[Aim of the task]:
Take the records underneath and set them down exactly.

[Data to examine]:
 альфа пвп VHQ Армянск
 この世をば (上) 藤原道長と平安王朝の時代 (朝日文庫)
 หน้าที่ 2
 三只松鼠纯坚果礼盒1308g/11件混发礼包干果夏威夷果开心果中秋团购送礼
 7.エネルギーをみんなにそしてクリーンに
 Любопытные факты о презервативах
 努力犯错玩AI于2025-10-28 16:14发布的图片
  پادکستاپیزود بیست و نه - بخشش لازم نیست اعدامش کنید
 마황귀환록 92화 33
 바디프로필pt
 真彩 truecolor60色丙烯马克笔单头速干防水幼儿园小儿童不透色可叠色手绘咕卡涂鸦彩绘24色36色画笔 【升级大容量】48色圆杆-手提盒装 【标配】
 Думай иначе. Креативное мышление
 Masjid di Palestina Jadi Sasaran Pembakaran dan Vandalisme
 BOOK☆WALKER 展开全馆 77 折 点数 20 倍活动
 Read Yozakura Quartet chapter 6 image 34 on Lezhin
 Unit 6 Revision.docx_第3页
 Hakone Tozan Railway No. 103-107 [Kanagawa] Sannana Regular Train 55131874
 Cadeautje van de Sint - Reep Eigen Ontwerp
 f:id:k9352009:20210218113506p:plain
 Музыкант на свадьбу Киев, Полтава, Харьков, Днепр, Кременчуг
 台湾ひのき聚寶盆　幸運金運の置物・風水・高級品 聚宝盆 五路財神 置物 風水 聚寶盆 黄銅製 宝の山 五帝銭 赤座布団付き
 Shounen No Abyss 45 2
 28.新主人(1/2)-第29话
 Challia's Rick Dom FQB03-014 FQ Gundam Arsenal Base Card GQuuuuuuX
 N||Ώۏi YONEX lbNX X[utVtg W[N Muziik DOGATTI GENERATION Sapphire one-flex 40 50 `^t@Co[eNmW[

[The answer]:
 альфа пвп VHQ Армянск
 この世をば (上) 藤原道長と平安王朝の時代 (朝日文庫)
 หน้าที่ 2
 三只松鼠纯坚果礼盒1308g/11件混发礼包干果夏威夷果开心果中秋团购送礼
 7.エネルギーをみんなにそしてクリーンに
 Любопытные факты о презервативах
 努力犯错玩AI于2025-10-28 16:14发布的图片
  پادکستاپیزود بیست و نه - بخشش لازم نیست اعدامش کنید
 마황귀환록 92화 33
 바디프로필pt
 真彩 truecolor60色丙烯马克笔单头速干防水幼儿园小儿童不透色可叠色手绘咕卡涂鸦彩绘24色36色画笔 【升级大容量】48色圆杆-手提盒装 【标配】
 Думай иначе. Креативное мышление
 Masjid di Palestina Jadi Sasaran Pembakaran dan Vandalisme
 BOOK☆WALKER 展开全馆 77 折 点数 20 倍活动
 Read Yozakura Quartet chapter 6 image 34 on Lezhin
 Unit 6 Revision.docx_第3页
 Hakone Tozan Railway No. 103-107 [Kanagawa] Sannana Regular Train 55131874
 Cadeautje van de Sint - Reep Eigen Ontwerp
 f:id:k9352009:20210218113506p:plain
 Музыкант на свадьбу Киев, Полтава, Харьков, Днепр, Кременчуг
 台湾ひのき聚寶盆　幸運金運の置物・風水・高級品 聚宝盆 五路財神 置物 風水 聚寶盆 黄銅製 宝の山 五帝銭 赤座布団付き
 Shounen No Abyss 45 2
 28.新主人(1/2)-第29话
 Challia's Rick Dom FQB03-014 FQ Gundam Arsenal Base Card GQuuuuuuX
 N||Ώۏi YONEX lbNX X[utVtg W[N Muziik DOGATTI GENERATION Sapphire one-flex 40 50 `^t@Co[eNmW[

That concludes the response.